Aim of the task —
Copy the records below exactly, from the line containing "موسيماني يتخذ قرار" through the last line, and leave out every picture.

Material to process —

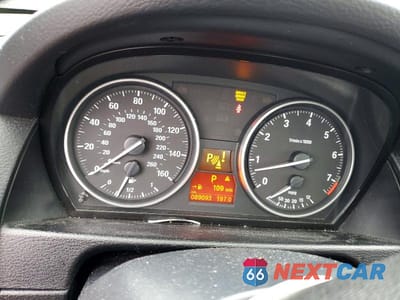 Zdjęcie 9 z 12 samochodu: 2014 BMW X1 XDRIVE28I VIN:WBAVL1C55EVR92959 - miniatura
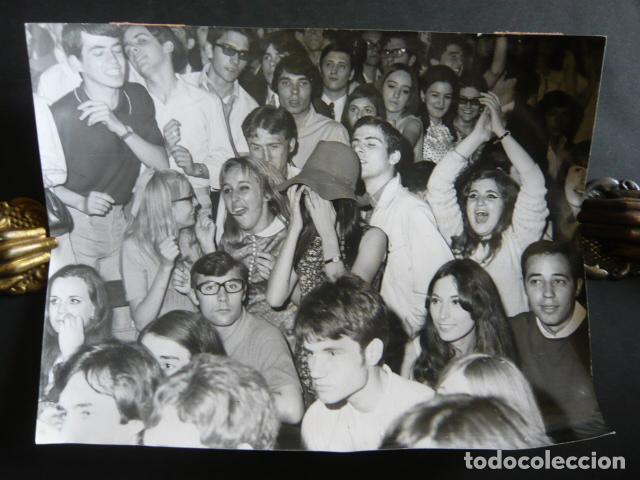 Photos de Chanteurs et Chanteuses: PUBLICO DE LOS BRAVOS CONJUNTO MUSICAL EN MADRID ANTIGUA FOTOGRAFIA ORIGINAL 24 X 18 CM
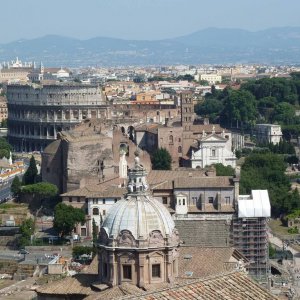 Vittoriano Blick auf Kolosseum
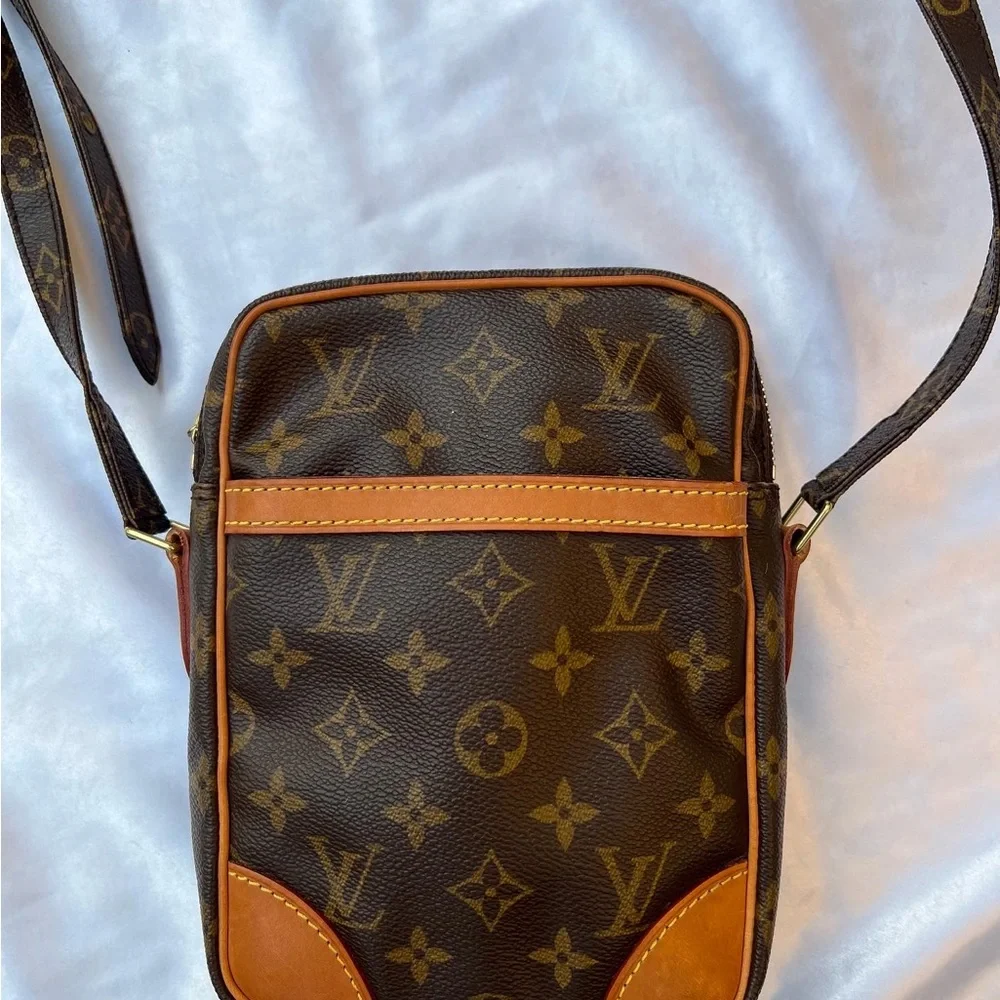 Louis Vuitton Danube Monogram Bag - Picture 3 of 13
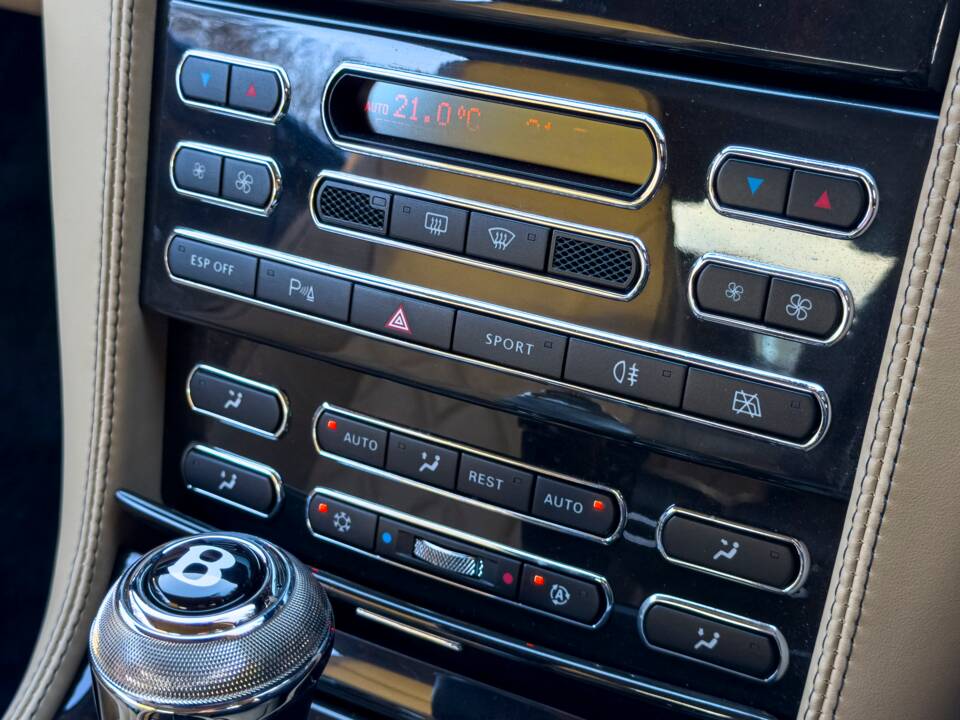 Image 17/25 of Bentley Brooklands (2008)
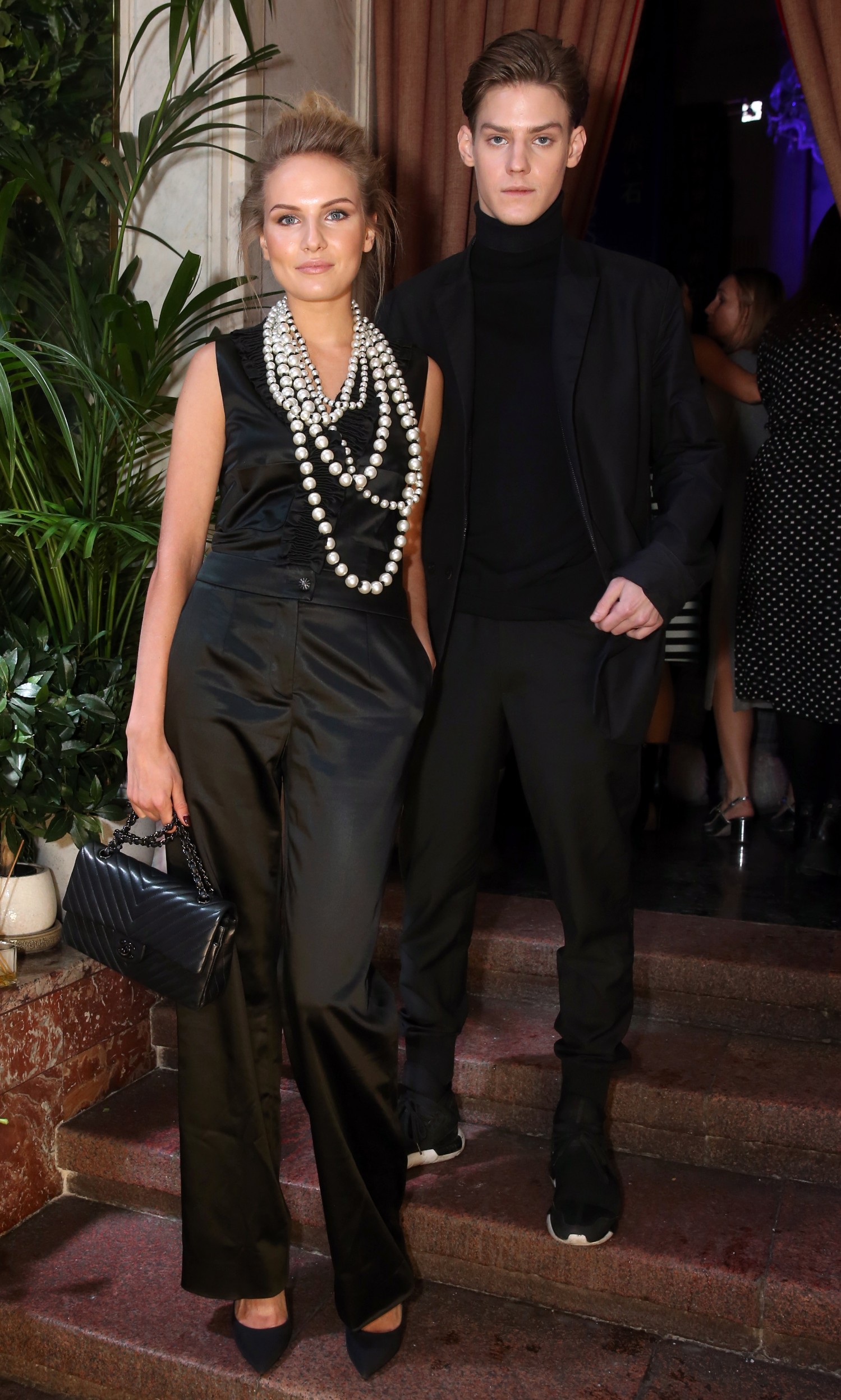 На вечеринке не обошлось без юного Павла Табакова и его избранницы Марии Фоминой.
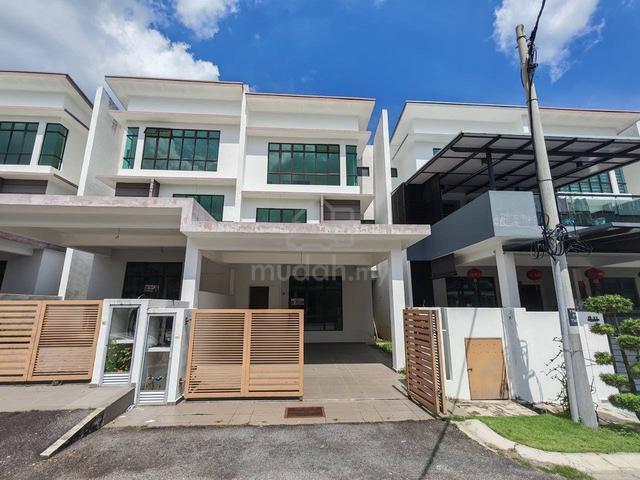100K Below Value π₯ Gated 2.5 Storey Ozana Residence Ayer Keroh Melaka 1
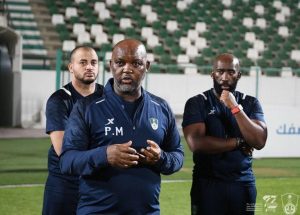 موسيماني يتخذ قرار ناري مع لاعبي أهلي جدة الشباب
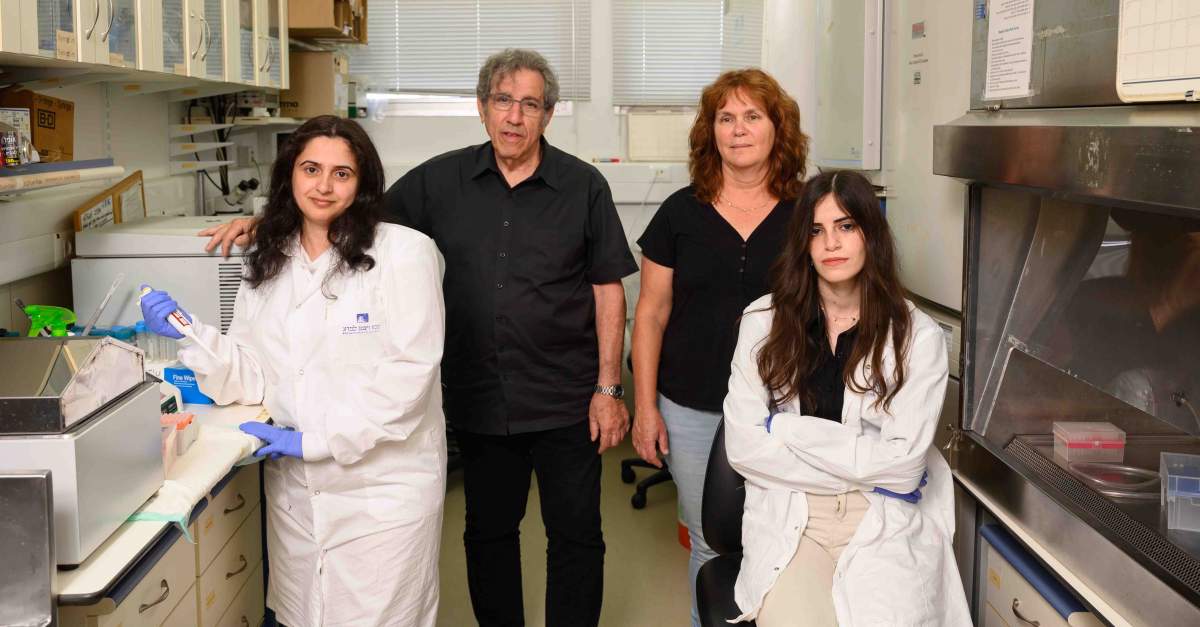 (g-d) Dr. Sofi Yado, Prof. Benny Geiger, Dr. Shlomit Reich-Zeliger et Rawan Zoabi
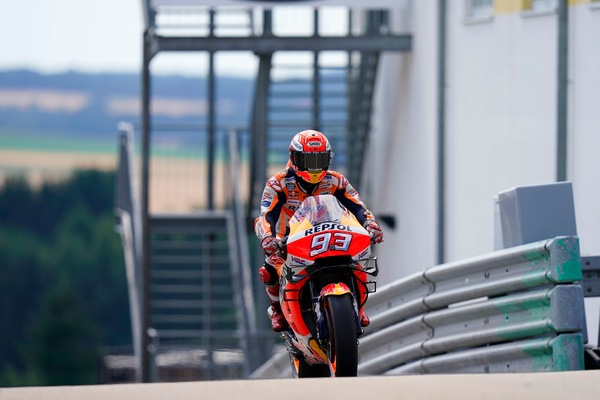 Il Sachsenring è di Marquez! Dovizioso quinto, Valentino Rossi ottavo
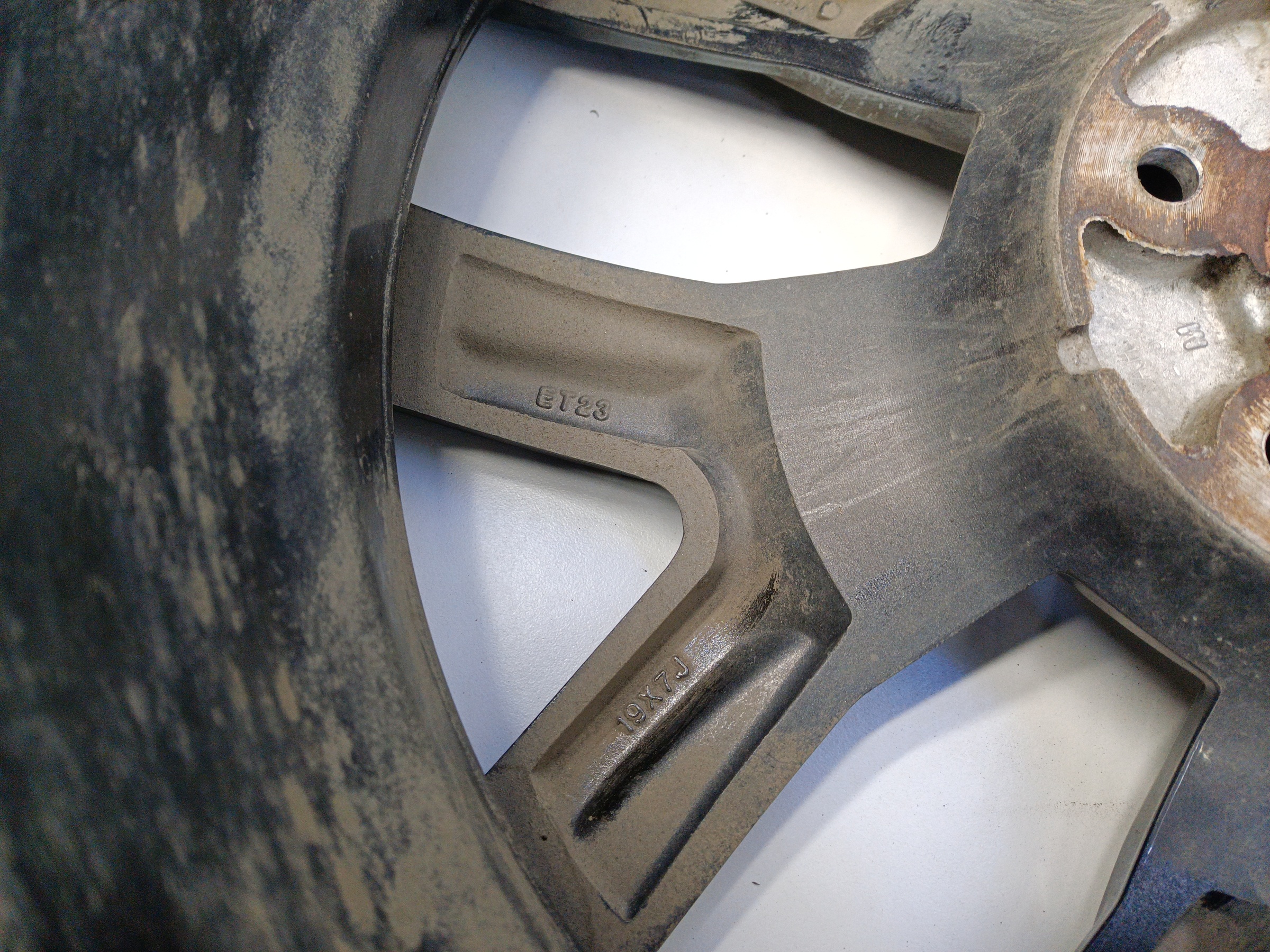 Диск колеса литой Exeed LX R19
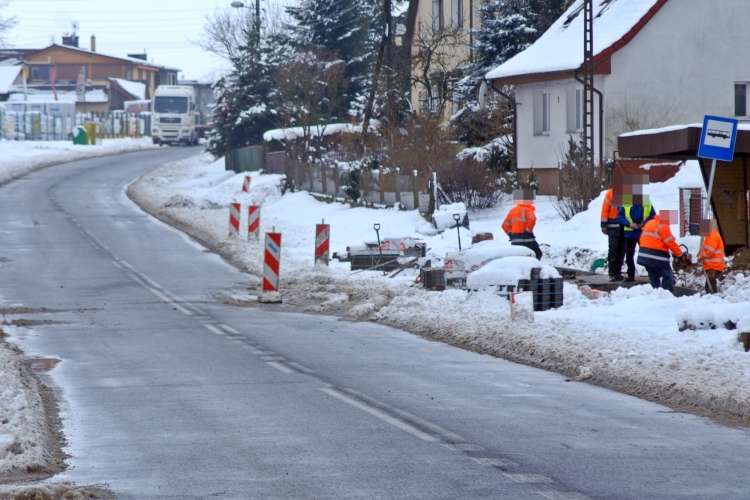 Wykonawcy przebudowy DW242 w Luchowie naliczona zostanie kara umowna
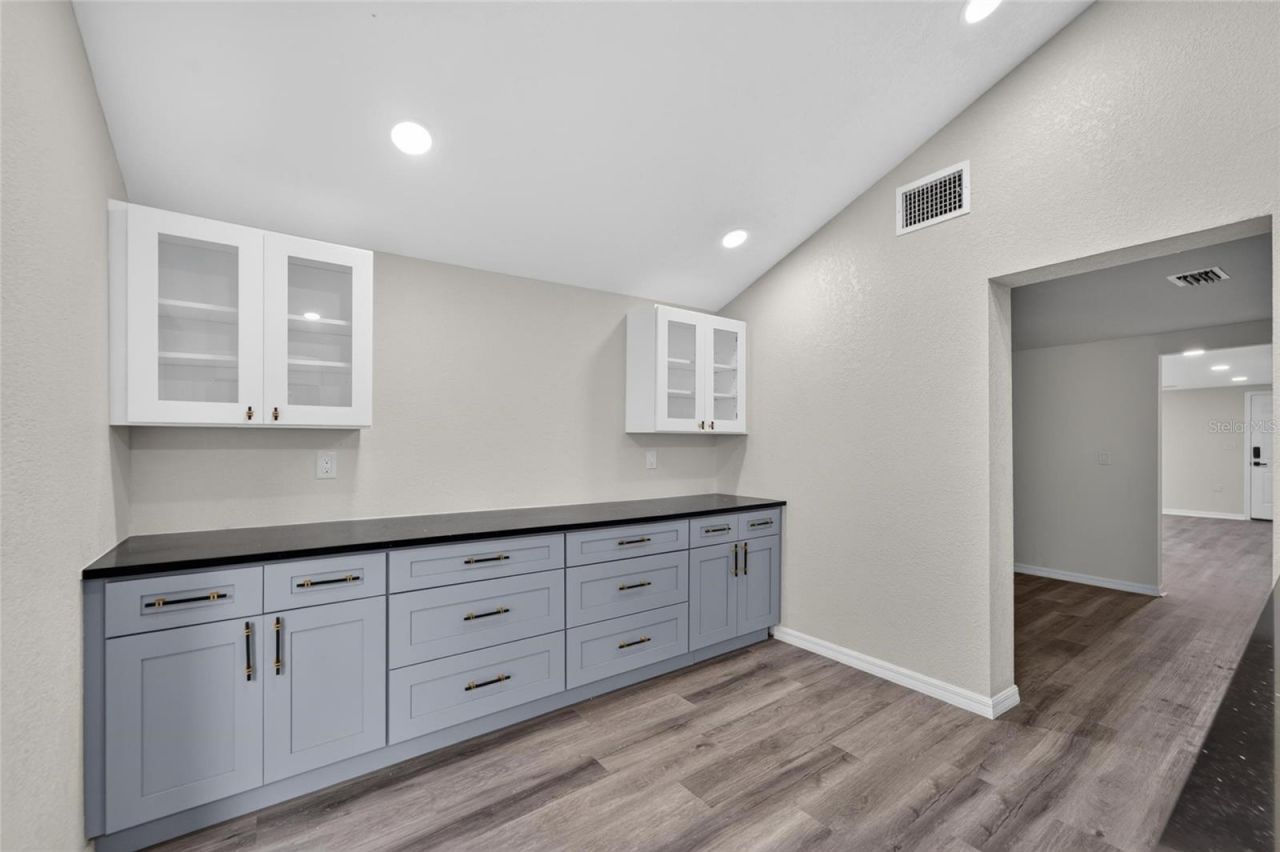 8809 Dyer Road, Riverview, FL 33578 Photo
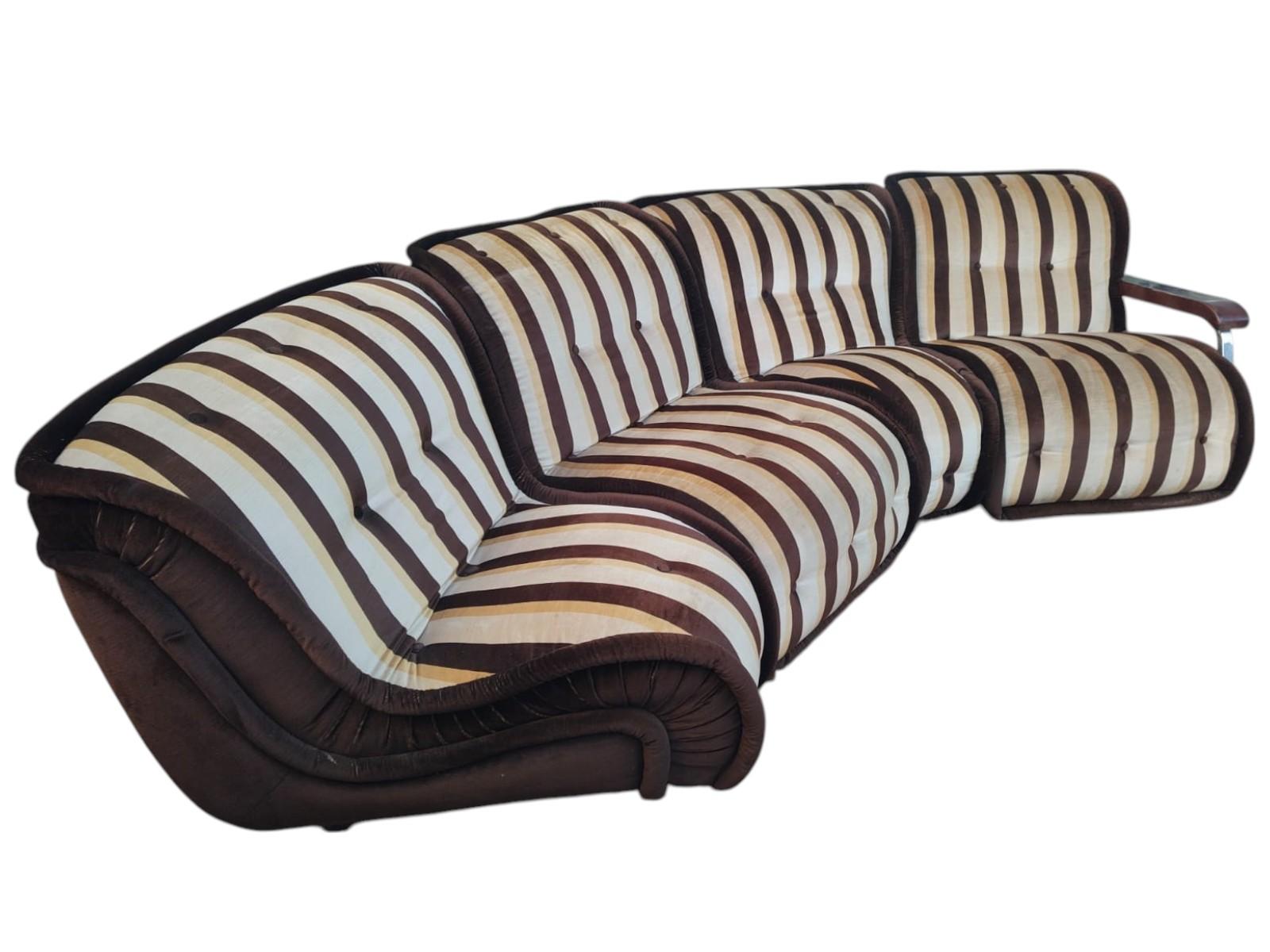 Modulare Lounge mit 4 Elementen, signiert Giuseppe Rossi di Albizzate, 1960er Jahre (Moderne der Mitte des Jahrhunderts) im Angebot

Result for this task —
 موسيماني يتخذ قرار ناري مع لاعبي أهلي جدة الشباب
 (g-d) Dr. Sofi Yado, Prof. Benny Geiger, Dr. Shlomit Reich-Zeliger et Rawan Zoabi
 Il Sachsenring è di Marquez! Dovizioso quinto, Valentino Rossi ottavo
 Диск колеса литой Exeed LX R19
 Wykonawcy przebudowy DW242 w Luchowie naliczona zostanie kara umowna
 8809 Dyer Road, Riverview, FL 33578 Photo
 Modulare Lounge mit 4 Elementen, signiert Giuseppe Rossi di Albizzate, 1960er Jahre (Moderne der Mitte des Jahrhunderts) im Angebot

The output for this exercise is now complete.